No Ideas, Please. We’re Gathering

“Many gatherings would be improved if people were simply asked for their stories” (pg. 210) because a story “is about a decision that you made. It’s not about what happens to you. And if you hit that and you get your vulnerability and you understand the stakes, and a few other things, people will intuitively find great stories to tell, and as soon as they do, we know them. We know them as human beings. This is no longer my boss’s colleague. This is a real person who had heartbreak. Oh, I know that” (pg. 212).

The Dark Theme

“If guests often bring their stump rather than sprout speeches to events, if they often talk of their theories rather than their experiences, then organizers can succumb to their own kind of phoniness. They insist on keeping gatherings positive, especially when choosing themes. The meaningful gatherer doesn’t fear negativity, though, and in fact creates space for the dark and the dangerous’ (pg. 212) . . .

“the best themes were not always the sweet ones, like happiness or romance, but rather the ones that had darker sides to them: fear, Them, borders, strangers. The ones that allowed for many interpretations. The ones that let people show sides of themselves that were weak, that were confused and unprocessed, that were morally complicated.

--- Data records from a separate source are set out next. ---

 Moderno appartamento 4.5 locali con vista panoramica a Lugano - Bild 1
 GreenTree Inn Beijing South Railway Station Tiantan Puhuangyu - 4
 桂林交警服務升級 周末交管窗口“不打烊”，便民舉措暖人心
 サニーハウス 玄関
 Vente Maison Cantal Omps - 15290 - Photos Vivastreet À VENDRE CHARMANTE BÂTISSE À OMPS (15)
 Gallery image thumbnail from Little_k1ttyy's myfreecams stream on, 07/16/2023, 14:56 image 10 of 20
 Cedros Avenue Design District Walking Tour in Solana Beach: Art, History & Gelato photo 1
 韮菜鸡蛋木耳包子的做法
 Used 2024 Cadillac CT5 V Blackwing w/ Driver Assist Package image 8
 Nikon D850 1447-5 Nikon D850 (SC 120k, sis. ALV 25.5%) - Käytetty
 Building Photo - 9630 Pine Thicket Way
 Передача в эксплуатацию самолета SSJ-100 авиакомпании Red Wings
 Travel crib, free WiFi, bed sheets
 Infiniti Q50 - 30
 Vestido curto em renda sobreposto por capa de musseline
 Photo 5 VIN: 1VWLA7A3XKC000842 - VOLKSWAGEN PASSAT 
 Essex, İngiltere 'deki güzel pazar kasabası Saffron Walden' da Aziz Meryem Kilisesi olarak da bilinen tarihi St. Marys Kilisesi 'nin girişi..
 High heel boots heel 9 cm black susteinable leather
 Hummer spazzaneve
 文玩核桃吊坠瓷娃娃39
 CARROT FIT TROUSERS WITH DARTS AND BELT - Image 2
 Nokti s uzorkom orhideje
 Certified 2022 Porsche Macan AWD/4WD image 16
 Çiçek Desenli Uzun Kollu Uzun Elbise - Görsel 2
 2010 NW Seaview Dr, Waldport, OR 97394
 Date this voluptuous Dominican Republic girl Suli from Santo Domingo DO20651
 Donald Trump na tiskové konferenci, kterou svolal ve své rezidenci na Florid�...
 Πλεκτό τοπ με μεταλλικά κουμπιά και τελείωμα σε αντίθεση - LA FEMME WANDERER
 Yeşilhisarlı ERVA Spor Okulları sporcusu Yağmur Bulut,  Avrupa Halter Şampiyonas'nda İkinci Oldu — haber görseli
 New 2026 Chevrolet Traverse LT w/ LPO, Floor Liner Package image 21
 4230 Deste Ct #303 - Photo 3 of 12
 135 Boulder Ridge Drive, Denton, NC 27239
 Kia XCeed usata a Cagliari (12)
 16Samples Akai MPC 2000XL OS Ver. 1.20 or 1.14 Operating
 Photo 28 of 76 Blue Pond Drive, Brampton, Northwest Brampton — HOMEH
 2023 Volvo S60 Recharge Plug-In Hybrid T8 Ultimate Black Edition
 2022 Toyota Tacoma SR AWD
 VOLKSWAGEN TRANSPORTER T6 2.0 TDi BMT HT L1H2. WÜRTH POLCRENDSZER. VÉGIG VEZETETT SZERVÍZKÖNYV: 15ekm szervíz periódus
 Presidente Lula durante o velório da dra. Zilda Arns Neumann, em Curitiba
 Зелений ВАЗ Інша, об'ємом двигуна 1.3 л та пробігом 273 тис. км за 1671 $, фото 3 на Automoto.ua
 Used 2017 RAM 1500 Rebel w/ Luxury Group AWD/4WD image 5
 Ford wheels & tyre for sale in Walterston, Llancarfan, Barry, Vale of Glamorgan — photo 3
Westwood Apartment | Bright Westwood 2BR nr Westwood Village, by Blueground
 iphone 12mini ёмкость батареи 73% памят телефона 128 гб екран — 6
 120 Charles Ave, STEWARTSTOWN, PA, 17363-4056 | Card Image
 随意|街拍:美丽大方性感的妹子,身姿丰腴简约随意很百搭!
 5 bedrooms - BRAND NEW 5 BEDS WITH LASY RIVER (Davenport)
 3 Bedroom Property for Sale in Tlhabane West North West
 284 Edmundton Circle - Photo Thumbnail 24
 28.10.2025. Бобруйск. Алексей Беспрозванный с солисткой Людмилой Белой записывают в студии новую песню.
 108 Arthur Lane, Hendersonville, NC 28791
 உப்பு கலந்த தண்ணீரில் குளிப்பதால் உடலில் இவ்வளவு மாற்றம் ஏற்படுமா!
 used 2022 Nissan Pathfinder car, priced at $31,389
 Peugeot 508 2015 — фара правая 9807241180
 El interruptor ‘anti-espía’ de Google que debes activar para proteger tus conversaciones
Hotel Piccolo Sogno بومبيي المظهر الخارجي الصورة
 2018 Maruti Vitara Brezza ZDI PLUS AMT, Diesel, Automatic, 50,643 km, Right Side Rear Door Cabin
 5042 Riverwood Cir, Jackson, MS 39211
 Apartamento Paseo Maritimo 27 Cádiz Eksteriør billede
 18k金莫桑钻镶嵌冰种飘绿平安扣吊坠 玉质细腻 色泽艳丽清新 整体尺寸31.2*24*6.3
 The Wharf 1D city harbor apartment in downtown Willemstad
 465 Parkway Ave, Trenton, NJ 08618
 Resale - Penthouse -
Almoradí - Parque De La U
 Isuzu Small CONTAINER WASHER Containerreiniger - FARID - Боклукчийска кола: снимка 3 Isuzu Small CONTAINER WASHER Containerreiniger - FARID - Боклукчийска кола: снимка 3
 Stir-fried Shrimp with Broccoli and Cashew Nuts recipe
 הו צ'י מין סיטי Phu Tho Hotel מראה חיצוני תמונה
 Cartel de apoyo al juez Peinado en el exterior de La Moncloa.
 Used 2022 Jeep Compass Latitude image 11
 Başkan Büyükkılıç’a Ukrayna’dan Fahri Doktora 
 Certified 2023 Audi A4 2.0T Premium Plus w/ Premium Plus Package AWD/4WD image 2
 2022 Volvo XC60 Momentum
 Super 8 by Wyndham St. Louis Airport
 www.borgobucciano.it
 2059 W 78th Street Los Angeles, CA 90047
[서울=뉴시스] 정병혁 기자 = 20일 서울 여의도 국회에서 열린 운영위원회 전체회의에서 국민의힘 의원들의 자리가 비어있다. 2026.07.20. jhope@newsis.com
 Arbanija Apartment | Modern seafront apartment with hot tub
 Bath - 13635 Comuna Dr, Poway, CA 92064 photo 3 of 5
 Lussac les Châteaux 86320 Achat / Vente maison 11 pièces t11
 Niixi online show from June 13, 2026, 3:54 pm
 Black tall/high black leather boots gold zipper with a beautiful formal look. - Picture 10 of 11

Sadly, themes like these are exiled from so many of our gatherings. Far too many of them, especially more professionally oriented ones, are run on a cult of positivity. Everything has to be about what’s going well, about collaboration, about hope and the future. There is no space for what our guests were telling us they wanted at the dinners: a chance to pause and consider what is not uplifting but thought- and heart-provoking” (pg 213)

The Invitation Matters

“If you want to try this type of gathering, centered on people’s real selves rather than their best selves, you need to warn them” (pg. 220).

Host, Reveal Thyself

“Early in the gathering, you, the host, need to go there yourself. You need to show them how” (pg 222).

Cause Good Controversy

Controversy “of the right kind, and in the hands of a good host, can add both energy and life to your gatherings as well as be clarifying. It can help you use gatherings to answer big questions: what you want to do, what you stand for, who you are. Good controversy can make a gathering matter” (pg. 225).

Good Controversy Doesn’t Just Happen

“Good controversy is the kind of contention that helps people look more closely at what they care about, when there is danger but also real benefit in doing so. To embrace good controversy is to embrace the idea that harmony is not necessarily the highest, and certainly not the only , value in gathering. Good controversy helps us re-examine what we hold dear: our values, priorities, nonnegotiables. Good controversy is generative rather than preservationist. It leads to something better than the status quo. It helps communities move forward in their thinking. It helps us grow. Good controversy can be messy in the midst of the brawling. But when it works, it is clarifying and cleansing - and a forceful antidote to bullshit” (pg. 233).

“What do you think is the most needed conversation for this group to have now?” (pg. 239).

Grade: A-

There is a lot of good stuff in here. A lot. There’s also some dragging on moments. But overall, as a father, friend who likes to host, and administrator, its a great and extremely purposeful read.